Add window functions to Sirius (1/3): ROW_NUMBER / RANK / DENSE_RANK#806
Add window functions to Sirius (1/3): ROW_NUMBER / RANK / DENSE_RANK#806ran-yuan-rui wants to merge 10 commits into
Conversation
Add tests for GPU window ranking (row_number / rank / dense_rank): - test/cpp/operator/test_physical_window.cpp: plan-translation coverage — accepts ranking expressions sharing PARTITION BY / ORDER BY (with and without partitioning); rejects unsupported shapes (aggregate-over, frame EXCLUDE, heterogeneous partitions, non-column keys, HUGEINT columns, rank/dense_rank without ORDER BY) with NotImplementedException. - test/sql/window/ranking.test: ranking semantics via gpu_execution (ASC/DESC, NULLS FIRST/LAST, multi-key, ties, NULL partitions). - test/cpp/integration/test_gpu_execution_tpcds.cpp: GPU-vs-CPU equality for row_number / rank / dense_rank over store_sales and customer. - test/cpp/integration/test_tpcds_plan_translation.cpp: assert a TPC-DS ranking query translates to a Sirius physical plan. - test/cpp/integration/data/duckdb/: committed TPC-DS sf=0.01 fixture (tpcds.duckdb) plus its generator script. Build: - CMakeLists.txt: compile the new tests, and the previously unbuilt test_tpcds_plan_translation.cpp, into sirius_unittest. - .pre-commit-config.yaml: allow committed duckdb fixtures under test/cpp/integration/data/duckdb/ past the large-file check.

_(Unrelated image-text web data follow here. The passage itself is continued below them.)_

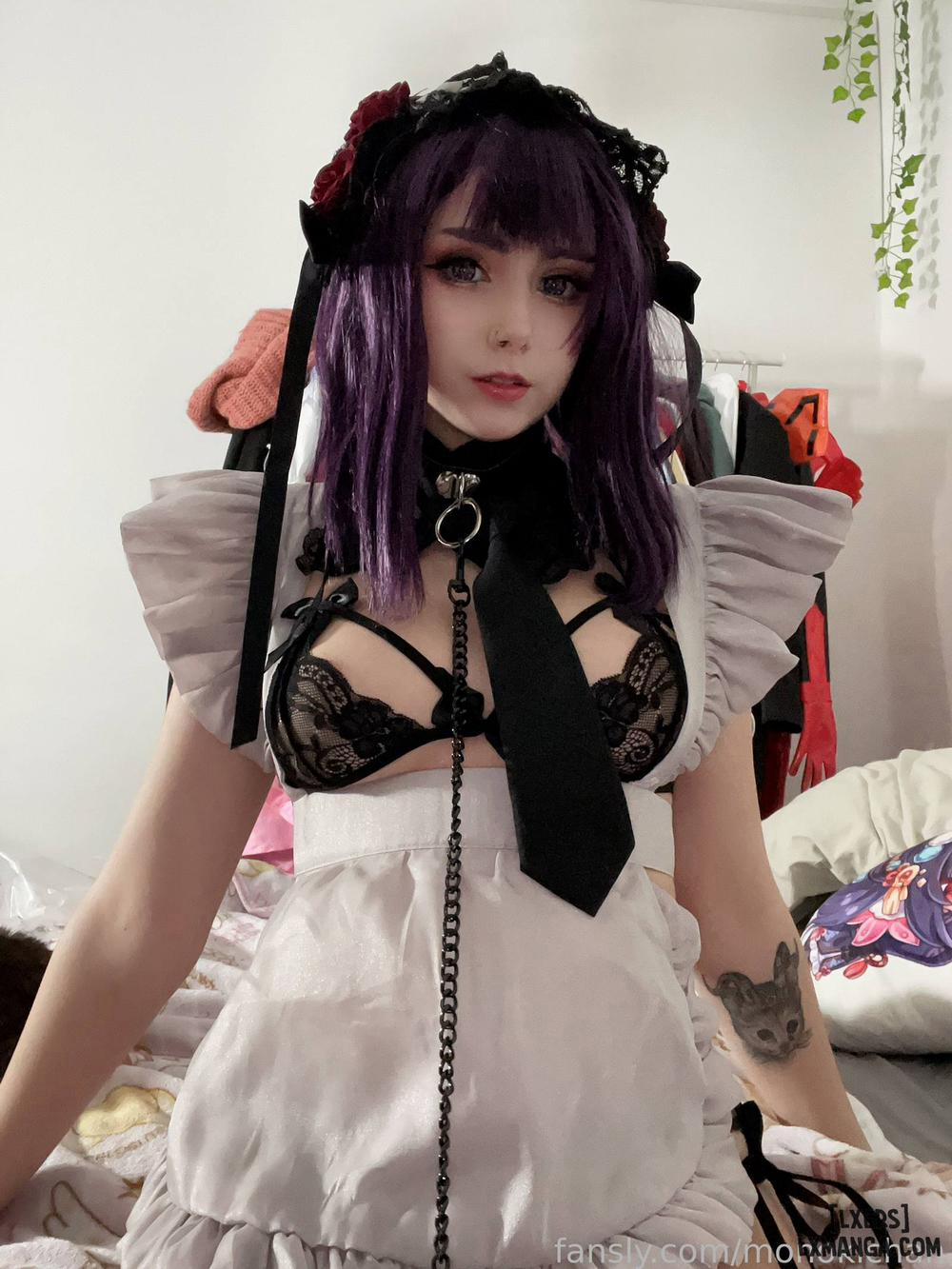 Hình Cosplay 715 0 Monoki Chan trang 19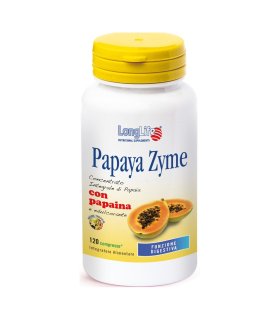 LONGLIFE PAPAYA ZYME 120 Tav.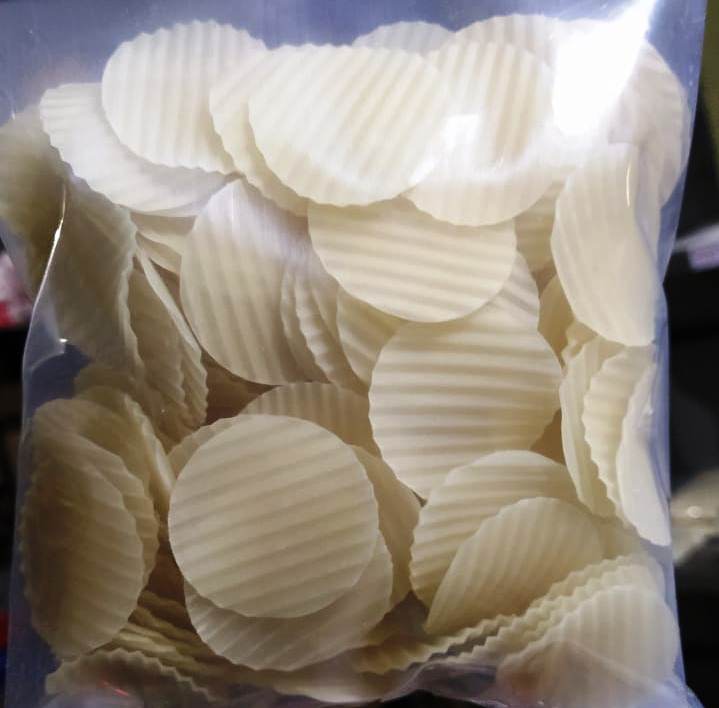 Chakkiwalle Rice & Tapioca Papad | Crunchy | Ready to Fry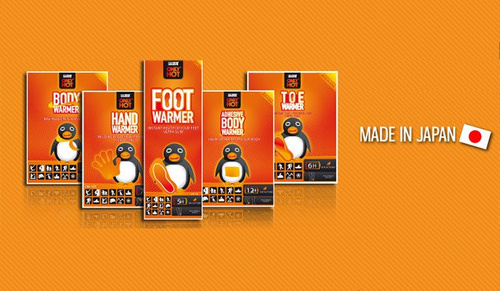 Schuhzubehör - Only One - ONLY HOT Fußwärmer - 8H+ - 2 Stück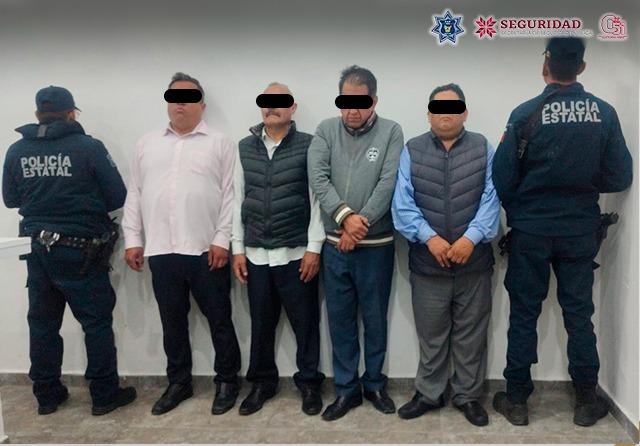 Imagen: Video: detienen a sujetos tras robo en un despacho de abogados en Pachuca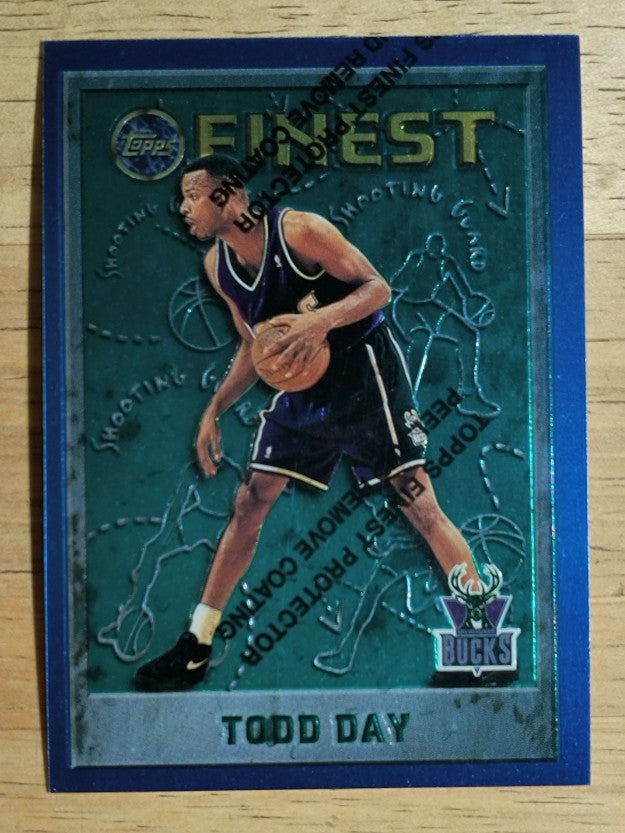 1995-96 Finest #91 Todd Day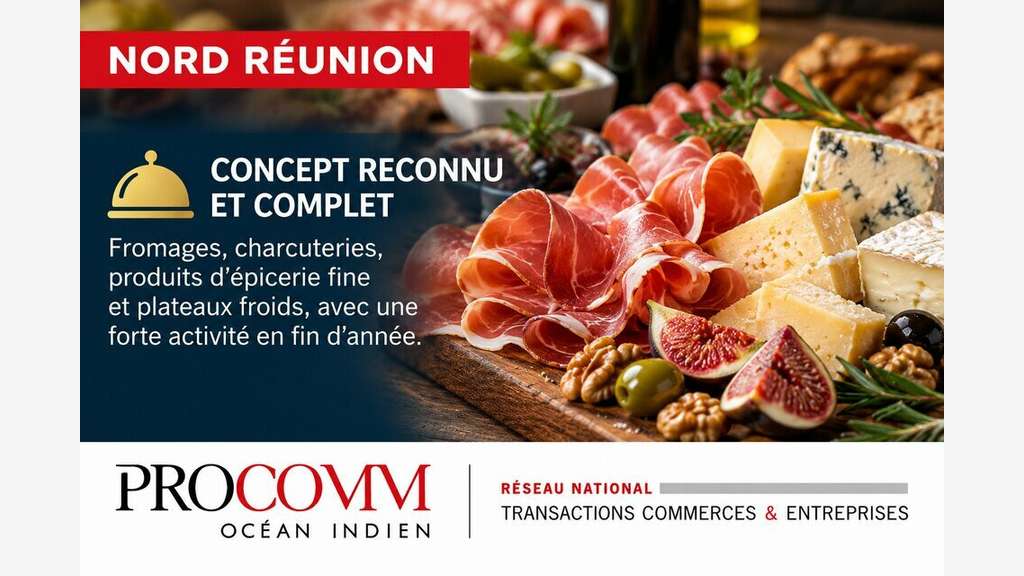Vente fromagerie 100 % parts sociales à Saint Paul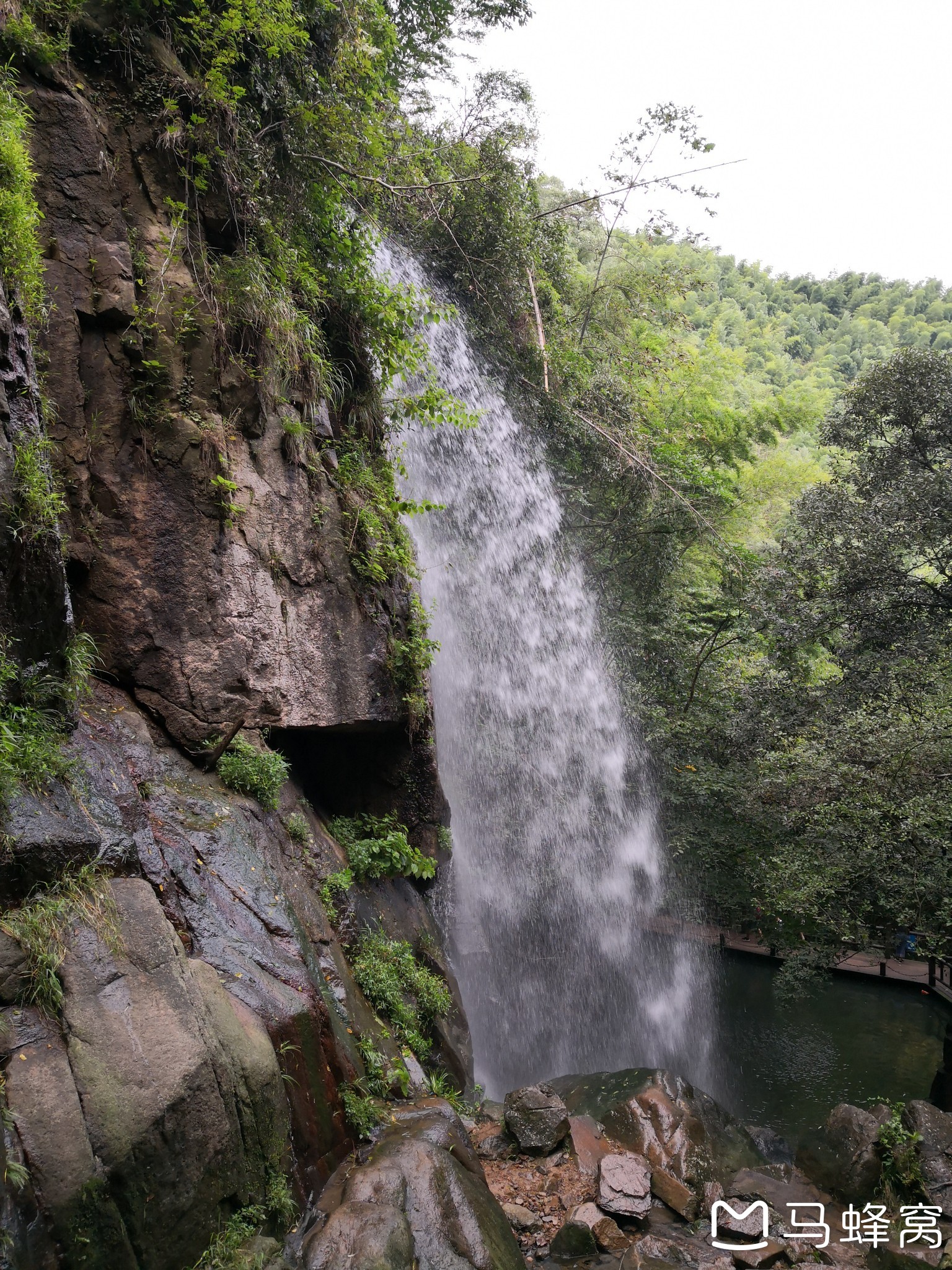 莫干山的干将,莫邪的剑池----游览莫干山景区之三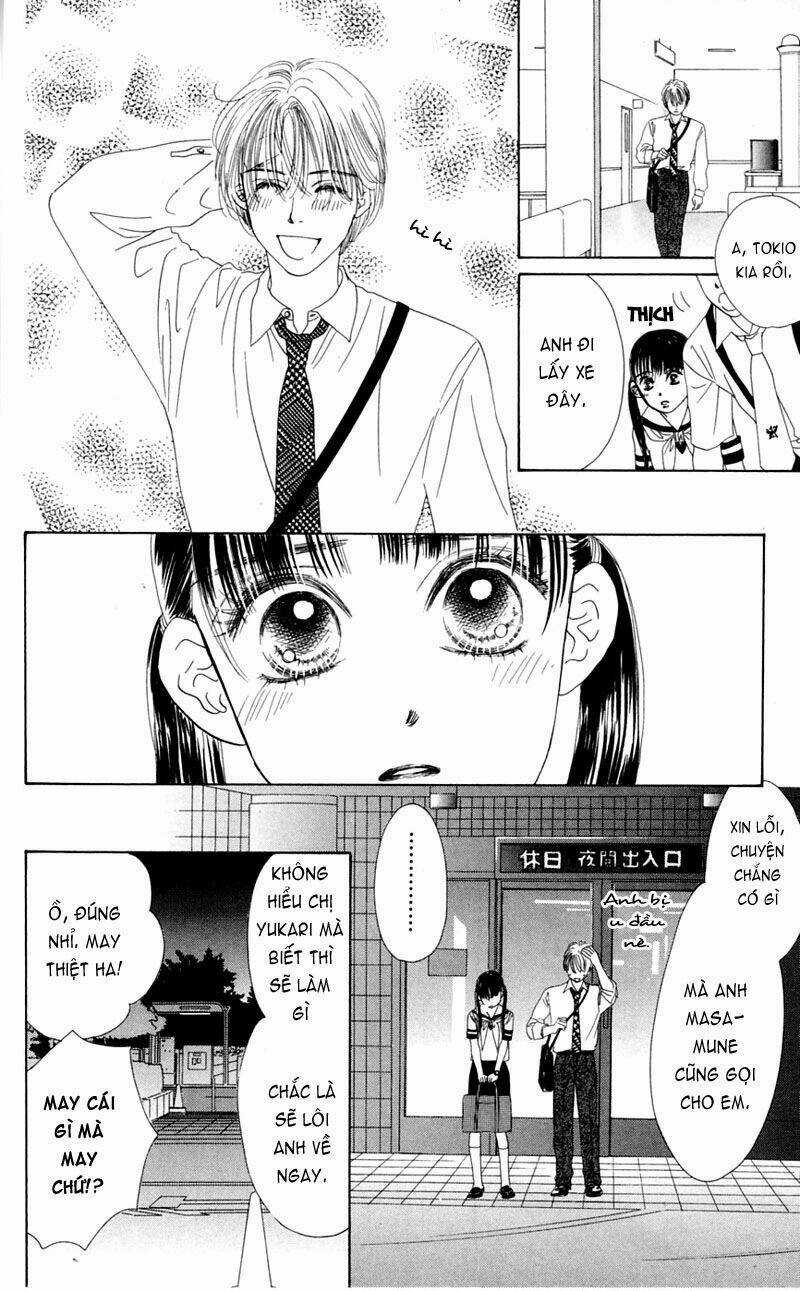 Eden No Hana (Hướng Dương Xanh) Chapter 29 trang 11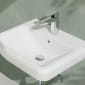 Image of VitrA: Integra Wall-mounted Square Basin (550mm)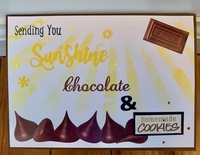 Sending sunshine and chocolate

Implement sirius_physical_window, a partition-consumer operator that evaluates ROW_NUMBER, RANK, and DENSE_RANK over an optional PARTITION BY and ORDER BY shared by the expressions of one LogicalWindow. The pipeline converter hash-partitions the input by the PARTITION BY columns (a single global partition when absent) and feeds whole partitions to the operator, which concatenates them, stably sorts by (PARTITION BY, ORDER BY), and computes ranks with a cuDF grouped rank scan. Output is the child columns followed by one BIGINT rank column per window expression. - Enable the LOGICAL_WINDOW dispatch in the Sirius physical plan generator. create_plan(LogicalWindow) guards unsupported shapes (aggregate-over, FILTER, EXCLUDE, non-column keys, mixed framings, HUGEINT child columns, RANK/DENSE_RANK without ORDER BY) with NotImplementedException so such queries fall back to DuckDB. - sirius_physical_partition hash-partitions on the window's PARTITION BY columns for the new WINDOW consumer. - Honor ORDER BY ASC/DESC and NULLS FIRST/LAST; the cuDF null order is flipped for descending keys to match SQL semantics. - Null-check the SiriusContext in comparison-join planning so a missing context raises a clear error instead of a raw null dereference. Add window operator tests, TPC-DS Q44 ranking execution and plan-translation coverage, and SQL ranking-semantics tests.
COALESCE was unimplemented in the column expression executor (it threw NotImplementedException), forcing any query using it off the GPU. Implement it by chaining cudf::replace_nulls — start from the first argument and fill the remaining NULLs from each subsequent argument, yielding the first non-NULL per row. Add a GPU-vs-CPU test covering multi-arg COALESCE with different NULL distributions and types (int / bigint / double).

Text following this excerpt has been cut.